→ **Your assignment**:
Print the listing below exactly, images excluded.

→ **Provided material**:
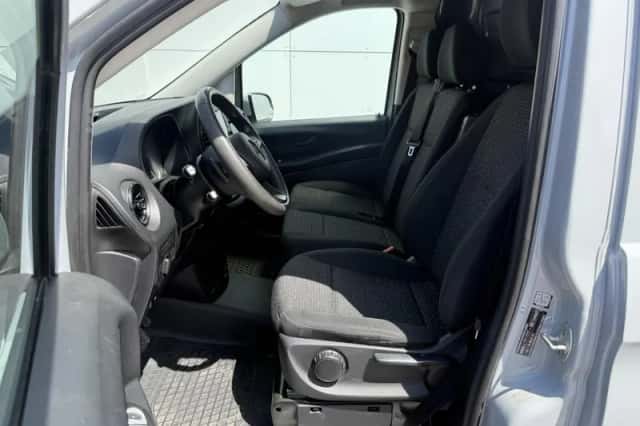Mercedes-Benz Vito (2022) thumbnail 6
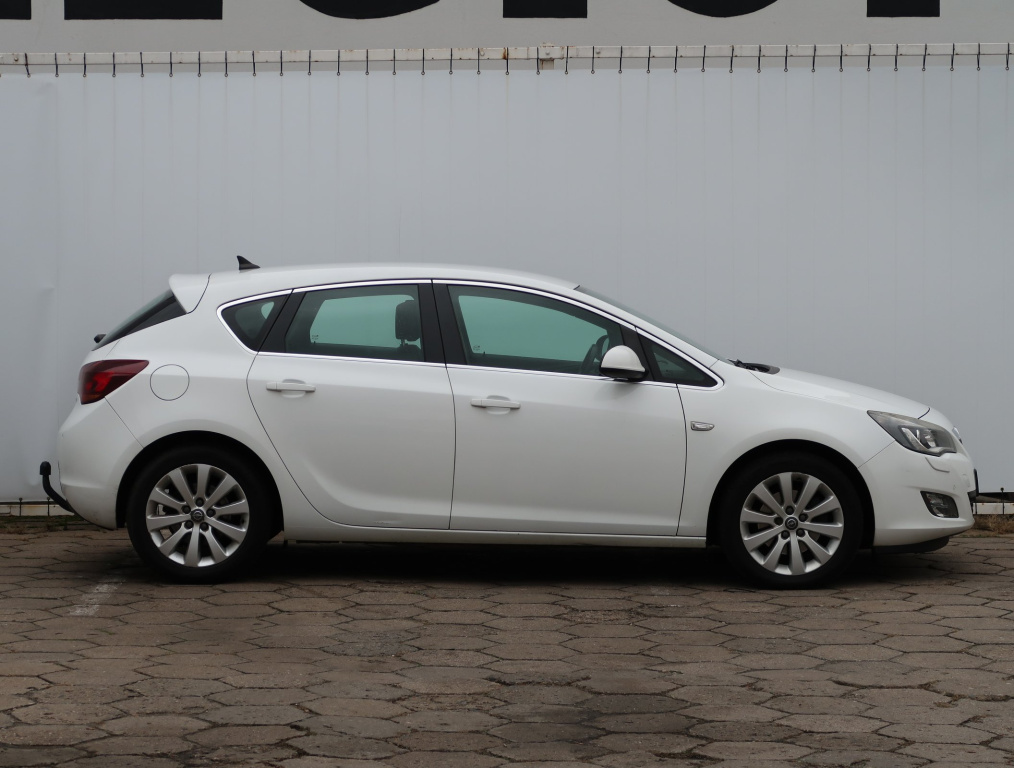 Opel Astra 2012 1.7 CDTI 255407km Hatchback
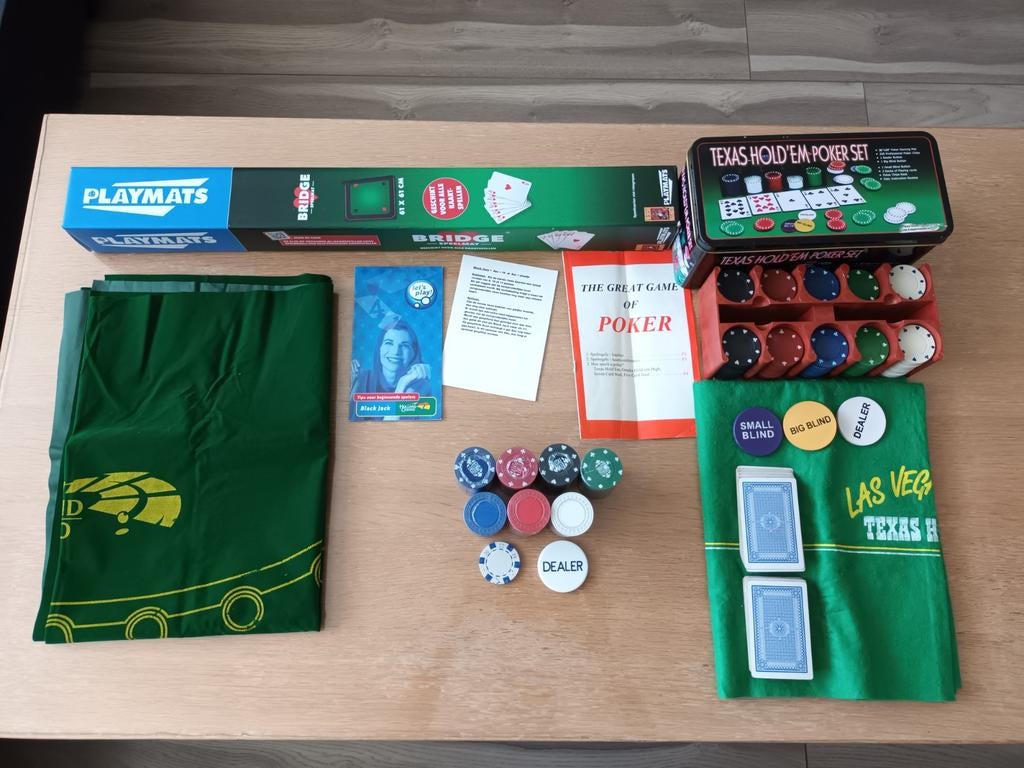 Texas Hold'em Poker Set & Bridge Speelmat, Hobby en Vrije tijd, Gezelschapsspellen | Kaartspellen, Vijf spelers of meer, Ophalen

→ **Solution for this problem**:
Mercedes-Benz Vito (2022) thumbnail 6
 Opel Astra 2012 1.7 CDTI 255407km Hatchback
 Texas Hold'em Poker Set & Bridge Speelmat, Hobby en Vrije tijd, Gezelschapsspellen | Kaartspellen, Vijf spelers of meer, Ophalen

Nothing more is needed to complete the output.